Directions for this task: From the data below, return the exact lines starting at the line containing "Finally, make sure" and ending at the line containing "The option that", both included, and nothing else.

Collected data:
————————

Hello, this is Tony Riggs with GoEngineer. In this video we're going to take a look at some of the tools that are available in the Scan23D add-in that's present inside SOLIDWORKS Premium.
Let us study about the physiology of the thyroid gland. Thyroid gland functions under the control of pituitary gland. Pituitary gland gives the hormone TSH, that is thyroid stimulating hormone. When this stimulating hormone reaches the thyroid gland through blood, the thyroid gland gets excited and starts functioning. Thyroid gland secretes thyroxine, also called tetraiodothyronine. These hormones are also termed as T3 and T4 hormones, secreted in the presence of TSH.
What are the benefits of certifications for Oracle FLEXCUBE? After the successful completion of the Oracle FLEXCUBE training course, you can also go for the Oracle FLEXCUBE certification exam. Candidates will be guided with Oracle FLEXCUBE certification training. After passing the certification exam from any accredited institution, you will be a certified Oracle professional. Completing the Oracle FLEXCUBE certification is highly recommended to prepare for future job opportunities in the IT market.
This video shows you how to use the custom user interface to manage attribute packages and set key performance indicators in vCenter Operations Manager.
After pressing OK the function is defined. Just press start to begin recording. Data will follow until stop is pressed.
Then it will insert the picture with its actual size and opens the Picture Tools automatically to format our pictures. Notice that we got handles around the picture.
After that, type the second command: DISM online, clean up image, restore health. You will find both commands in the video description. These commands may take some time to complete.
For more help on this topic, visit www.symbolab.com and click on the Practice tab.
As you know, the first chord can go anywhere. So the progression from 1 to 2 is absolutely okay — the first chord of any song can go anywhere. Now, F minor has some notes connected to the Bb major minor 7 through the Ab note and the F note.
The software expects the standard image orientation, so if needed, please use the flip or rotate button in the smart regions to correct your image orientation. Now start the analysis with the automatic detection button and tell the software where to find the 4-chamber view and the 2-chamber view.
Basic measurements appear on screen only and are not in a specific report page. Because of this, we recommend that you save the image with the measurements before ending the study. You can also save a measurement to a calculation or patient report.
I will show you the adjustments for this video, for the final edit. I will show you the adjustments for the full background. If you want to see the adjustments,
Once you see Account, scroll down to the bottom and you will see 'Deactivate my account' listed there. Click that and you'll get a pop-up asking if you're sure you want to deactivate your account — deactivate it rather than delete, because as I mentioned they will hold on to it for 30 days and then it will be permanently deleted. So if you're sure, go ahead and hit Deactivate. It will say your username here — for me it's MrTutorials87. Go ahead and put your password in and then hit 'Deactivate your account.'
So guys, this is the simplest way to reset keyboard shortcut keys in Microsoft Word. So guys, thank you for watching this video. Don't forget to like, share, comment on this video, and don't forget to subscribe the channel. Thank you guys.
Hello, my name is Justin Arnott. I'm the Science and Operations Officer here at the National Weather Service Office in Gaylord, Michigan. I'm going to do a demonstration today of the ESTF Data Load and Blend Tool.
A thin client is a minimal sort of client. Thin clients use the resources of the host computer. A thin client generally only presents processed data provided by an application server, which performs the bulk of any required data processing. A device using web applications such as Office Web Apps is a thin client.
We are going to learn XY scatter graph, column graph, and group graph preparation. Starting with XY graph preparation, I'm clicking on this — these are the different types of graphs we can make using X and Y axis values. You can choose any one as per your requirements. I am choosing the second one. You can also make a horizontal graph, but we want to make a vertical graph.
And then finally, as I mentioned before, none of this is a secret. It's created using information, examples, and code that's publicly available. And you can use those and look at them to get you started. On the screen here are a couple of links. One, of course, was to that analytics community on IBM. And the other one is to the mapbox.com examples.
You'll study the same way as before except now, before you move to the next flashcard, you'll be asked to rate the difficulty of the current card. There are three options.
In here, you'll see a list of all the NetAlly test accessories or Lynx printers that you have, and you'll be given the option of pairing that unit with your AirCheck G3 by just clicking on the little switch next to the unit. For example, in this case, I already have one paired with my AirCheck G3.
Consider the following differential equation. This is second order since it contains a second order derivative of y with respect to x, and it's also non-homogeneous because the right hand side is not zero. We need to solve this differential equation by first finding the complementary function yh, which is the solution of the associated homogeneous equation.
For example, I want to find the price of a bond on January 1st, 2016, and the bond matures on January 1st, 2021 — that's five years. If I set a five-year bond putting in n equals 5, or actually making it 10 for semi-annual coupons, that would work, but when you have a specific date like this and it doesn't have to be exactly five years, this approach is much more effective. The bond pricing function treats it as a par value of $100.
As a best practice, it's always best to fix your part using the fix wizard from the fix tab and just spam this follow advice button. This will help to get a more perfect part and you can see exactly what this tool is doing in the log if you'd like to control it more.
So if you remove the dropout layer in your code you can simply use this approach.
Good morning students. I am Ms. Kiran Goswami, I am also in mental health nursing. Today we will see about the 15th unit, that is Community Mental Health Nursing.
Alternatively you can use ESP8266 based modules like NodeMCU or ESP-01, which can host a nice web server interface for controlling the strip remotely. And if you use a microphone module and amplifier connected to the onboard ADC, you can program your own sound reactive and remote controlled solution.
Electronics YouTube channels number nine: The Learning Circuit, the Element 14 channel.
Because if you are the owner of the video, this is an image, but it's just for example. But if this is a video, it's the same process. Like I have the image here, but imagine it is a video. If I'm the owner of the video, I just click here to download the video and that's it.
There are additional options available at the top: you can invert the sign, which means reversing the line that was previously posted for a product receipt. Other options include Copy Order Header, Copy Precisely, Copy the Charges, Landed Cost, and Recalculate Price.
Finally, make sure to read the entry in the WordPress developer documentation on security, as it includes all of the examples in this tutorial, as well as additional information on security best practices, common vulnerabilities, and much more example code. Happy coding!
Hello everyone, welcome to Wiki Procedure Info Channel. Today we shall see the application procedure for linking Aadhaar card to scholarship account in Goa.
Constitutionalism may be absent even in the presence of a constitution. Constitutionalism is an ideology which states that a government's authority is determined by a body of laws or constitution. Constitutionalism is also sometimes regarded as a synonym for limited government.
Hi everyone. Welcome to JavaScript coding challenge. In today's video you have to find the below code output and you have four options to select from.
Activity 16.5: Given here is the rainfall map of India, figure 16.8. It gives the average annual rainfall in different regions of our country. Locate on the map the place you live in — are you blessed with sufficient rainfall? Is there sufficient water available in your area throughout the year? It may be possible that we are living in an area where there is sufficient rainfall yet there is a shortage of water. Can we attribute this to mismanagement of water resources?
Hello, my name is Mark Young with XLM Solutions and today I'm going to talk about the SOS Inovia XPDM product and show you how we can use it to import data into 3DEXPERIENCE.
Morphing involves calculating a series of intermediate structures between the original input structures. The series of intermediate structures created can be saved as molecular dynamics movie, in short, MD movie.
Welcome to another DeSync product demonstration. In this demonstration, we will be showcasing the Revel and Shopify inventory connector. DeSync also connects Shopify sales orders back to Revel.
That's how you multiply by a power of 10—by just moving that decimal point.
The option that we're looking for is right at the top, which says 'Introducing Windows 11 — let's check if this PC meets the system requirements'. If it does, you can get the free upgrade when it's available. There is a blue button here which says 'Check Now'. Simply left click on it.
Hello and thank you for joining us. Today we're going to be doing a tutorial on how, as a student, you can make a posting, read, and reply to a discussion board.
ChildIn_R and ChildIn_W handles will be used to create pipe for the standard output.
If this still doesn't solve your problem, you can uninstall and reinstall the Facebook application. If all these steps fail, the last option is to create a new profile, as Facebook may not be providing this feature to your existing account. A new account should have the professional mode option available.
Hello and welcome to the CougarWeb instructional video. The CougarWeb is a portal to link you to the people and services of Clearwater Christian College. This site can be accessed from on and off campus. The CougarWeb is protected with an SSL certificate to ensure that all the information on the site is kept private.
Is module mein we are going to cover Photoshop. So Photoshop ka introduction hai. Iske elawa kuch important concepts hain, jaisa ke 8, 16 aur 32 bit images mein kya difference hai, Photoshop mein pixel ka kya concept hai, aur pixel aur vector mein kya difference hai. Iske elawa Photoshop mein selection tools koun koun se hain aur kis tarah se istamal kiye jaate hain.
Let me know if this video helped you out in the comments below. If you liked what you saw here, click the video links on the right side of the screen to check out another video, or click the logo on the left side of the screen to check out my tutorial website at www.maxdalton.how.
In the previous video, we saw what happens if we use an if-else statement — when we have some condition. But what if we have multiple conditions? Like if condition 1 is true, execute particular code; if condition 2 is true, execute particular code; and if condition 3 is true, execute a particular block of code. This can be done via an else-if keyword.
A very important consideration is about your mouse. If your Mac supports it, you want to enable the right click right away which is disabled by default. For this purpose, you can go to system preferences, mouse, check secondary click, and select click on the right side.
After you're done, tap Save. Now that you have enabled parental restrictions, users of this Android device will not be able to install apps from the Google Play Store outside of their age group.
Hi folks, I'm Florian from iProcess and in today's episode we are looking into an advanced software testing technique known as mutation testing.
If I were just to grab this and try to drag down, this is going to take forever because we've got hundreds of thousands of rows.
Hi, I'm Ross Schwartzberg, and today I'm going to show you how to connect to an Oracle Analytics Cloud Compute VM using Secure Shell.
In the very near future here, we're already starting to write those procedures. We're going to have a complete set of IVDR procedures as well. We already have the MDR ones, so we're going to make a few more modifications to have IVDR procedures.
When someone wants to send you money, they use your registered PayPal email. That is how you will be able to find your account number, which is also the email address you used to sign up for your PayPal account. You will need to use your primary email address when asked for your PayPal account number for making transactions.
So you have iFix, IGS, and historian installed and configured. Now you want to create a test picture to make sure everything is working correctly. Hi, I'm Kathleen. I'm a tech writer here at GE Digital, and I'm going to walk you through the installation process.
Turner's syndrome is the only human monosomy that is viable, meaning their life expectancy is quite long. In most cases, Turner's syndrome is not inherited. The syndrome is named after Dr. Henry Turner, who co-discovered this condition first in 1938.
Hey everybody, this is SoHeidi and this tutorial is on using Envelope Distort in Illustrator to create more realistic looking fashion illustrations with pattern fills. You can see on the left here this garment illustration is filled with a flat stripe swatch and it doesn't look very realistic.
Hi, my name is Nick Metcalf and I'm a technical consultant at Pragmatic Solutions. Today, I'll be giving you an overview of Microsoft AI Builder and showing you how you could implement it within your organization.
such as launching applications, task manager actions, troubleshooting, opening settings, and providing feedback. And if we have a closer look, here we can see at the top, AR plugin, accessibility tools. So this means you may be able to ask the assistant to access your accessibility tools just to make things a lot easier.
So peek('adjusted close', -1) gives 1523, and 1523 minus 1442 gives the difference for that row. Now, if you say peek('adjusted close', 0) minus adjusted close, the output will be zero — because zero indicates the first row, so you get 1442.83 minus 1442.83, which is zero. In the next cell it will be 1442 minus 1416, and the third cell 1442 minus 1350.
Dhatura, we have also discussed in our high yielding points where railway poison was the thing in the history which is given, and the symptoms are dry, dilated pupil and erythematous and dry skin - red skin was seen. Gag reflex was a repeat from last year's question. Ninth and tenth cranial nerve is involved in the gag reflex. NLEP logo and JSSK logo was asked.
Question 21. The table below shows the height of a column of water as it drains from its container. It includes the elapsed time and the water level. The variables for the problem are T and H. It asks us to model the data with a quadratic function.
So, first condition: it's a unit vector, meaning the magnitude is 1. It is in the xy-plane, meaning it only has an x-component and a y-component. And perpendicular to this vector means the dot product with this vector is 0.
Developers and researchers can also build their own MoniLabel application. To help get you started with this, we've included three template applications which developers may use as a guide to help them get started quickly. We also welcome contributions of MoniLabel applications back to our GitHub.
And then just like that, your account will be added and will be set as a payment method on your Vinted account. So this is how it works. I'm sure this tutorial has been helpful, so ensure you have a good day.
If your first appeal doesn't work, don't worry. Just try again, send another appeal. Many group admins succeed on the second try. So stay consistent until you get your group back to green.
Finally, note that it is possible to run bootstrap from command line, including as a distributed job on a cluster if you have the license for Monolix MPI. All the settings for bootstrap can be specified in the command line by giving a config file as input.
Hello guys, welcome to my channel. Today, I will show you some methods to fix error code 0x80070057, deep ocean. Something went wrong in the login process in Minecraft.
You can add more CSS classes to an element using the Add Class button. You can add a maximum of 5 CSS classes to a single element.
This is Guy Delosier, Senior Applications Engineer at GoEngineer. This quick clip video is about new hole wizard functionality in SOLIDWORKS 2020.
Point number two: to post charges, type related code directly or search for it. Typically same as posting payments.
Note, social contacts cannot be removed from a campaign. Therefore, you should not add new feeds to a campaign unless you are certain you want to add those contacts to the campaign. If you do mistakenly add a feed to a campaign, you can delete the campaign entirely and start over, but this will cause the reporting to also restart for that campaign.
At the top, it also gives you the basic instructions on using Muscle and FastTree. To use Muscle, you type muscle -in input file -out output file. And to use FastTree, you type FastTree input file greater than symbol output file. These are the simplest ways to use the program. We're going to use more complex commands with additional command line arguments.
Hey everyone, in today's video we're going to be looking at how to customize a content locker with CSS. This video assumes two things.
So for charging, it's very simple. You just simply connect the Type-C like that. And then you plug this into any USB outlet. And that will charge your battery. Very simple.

————————

Response to this task:
Finally, make sure to read the entry in the WordPress developer documentation on security, as it includes all of the examples in this tutorial, as well as additional information on security best practices, common vulnerabilities, and much more example code. Happy coding!
Hello everyone, welcome to Wiki Procedure Info Channel. Today we shall see the application procedure for linking Aadhaar card to scholarship account in Goa.
Constitutionalism may be absent even in the presence of a constitution. Constitutionalism is an ideology which states that a government's authority is determined by a body of laws or constitution. Constitutionalism is also sometimes regarded as a synonym for limited government.
Hi everyone. Welcome to JavaScript coding challenge. In today's video you have to find the below code output and you have four options to select from.
Activity 16.5: Given here is the rainfall map of India, figure 16.8. It gives the average annual rainfall in different regions of our country. Locate on the map the place you live in — are you blessed with sufficient rainfall? Is there sufficient water available in your area throughout the year? It may be possible that we are living in an area where there is sufficient rainfall yet there is a shortage of water. Can we attribute this to mismanagement of water resources?
Hello, my name is Mark Young with XLM Solutions and today I'm going to talk about the SOS Inovia XPDM product and show you how we can use it to import data into 3DEXPERIENCE.
Morphing involves calculating a series of intermediate structures between the original input structures. The series of intermediate structures created can be saved as molecular dynamics movie, in short, MD movie.
Welcome to another DeSync product demonstration. In this demonstration, we will be showcasing the Revel and Shopify inventory connector. DeSync also connects Shopify sales orders back to Revel.
That's how you multiply by a power of 10—by just moving that decimal point.
The option that we're looking for is right at the top, which says 'Introducing Windows 11 — let's check if this PC meets the system requirements'. If it does, you can get the free upgrade when it's available. There is a blue button here which says 'Check Now'. Simply left click on it.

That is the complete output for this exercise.